L’ultima e preoccupante segnalazione giunge dalla zona de La Landrigga, un’area verde e tranquilla che sta perdendo il suo fascino a causa dell’incuria. In particolare, lungo la strada vicinale Pischina Ruia, la situazione è diventata insostenibile. Da settimane, sacchi neri, buste piene di scatolame e ogni genere di rifiuto ingombrano i bordi della carreggiata, gli slarghi e persino a ridosso delle mura delle abitazioni.

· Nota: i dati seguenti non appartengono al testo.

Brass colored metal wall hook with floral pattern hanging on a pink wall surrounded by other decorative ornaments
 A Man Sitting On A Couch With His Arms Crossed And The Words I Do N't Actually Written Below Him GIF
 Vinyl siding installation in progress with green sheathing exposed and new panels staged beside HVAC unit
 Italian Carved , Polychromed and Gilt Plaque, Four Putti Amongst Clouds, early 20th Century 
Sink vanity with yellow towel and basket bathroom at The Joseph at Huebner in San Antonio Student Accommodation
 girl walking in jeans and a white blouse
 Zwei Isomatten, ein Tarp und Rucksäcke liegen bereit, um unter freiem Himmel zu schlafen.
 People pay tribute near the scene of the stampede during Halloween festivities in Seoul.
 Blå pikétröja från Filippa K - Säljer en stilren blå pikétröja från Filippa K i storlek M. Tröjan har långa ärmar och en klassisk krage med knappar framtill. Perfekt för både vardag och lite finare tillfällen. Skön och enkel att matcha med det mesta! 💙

Questa triste realtà non è purtroppo isolata, ma rappresenta un campanello d’allarme per l’intero esteso agro di Sassari e oltre. Il paesaggio, la flora e la fauna sono minacciati da questa pratica dannosa, che compromette gravemente la bellezza del territorio e la qualità della vita dei residenti. È un problema che richiede attenzione urgente e un impegno collettivo per la salvaguardia del nostro ambiente.